(Exercise data)

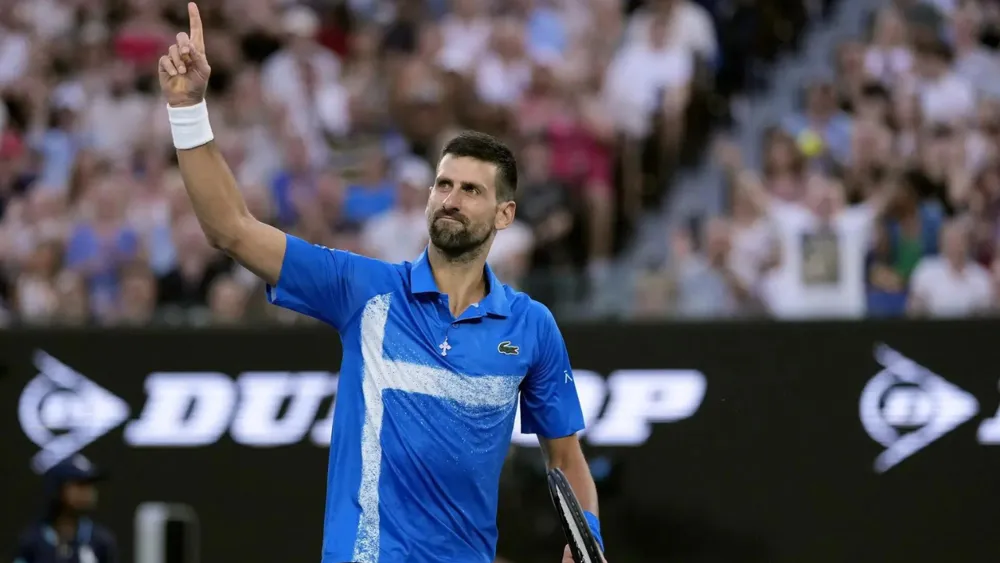 Tony Jones Apologizes to Novak Djokovic After Controversial Remarks During Australian Open Broadcast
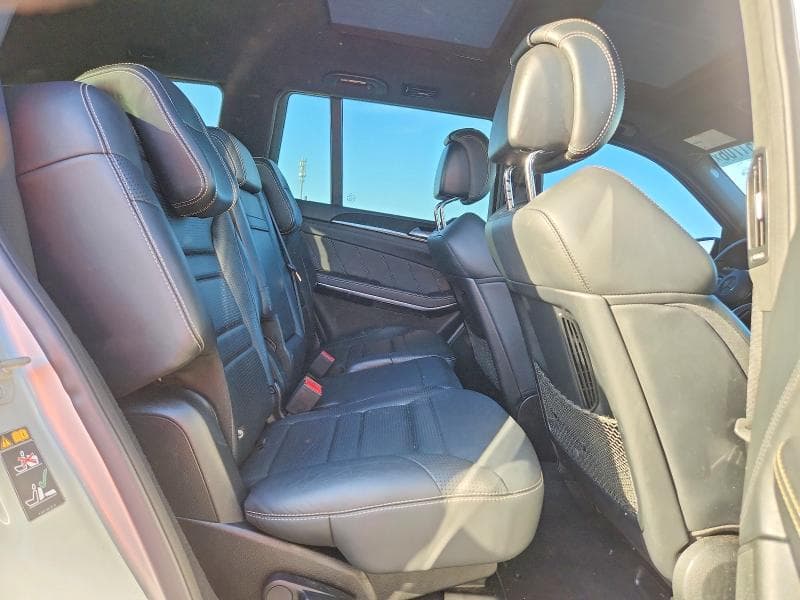 2017 MERCEDES-BENZ GLS 63 AMG 4MATIC 11
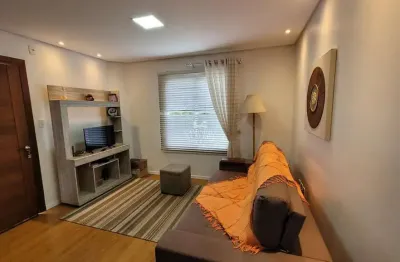 Casa mobiliada com 2 dormitórios no bairro germania em nova petrópolis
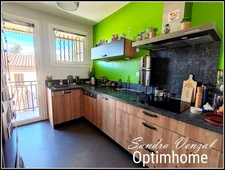 ? Bel appartement 3 chambres  – 72 m² – 2 balcons + garage + parking privatif – Petite copropriété bénévole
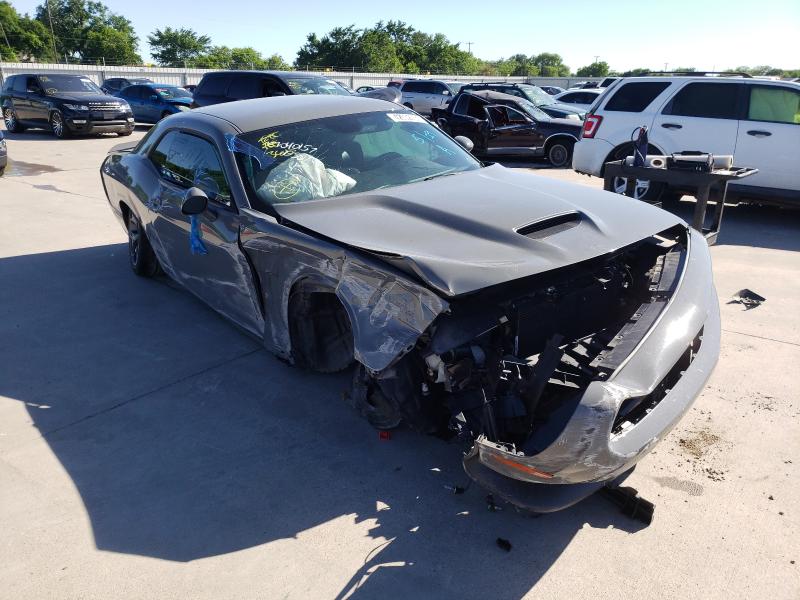 DODGE CHALLENGER 2019 2c3cdzbt5kh705148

(Instructions to follow) Omit pictures; set down the rest of the material word for word.

(Answer section)
 Tony Jones Apologizes to Novak Djokovic After Controversial Remarks During Australian Open Broadcast
 2017 MERCEDES-BENZ GLS 63 AMG 4MATIC 11
 Casa mobiliada com 2 dormitórios no bairro germania em nova petrópolis
 ? Bel appartement 3 chambres  – 72 m² – 2 balcons + garage + parking privatif – Petite copropriété bénévole
 DODGE CHALLENGER 2019 2c3cdzbt5kh705148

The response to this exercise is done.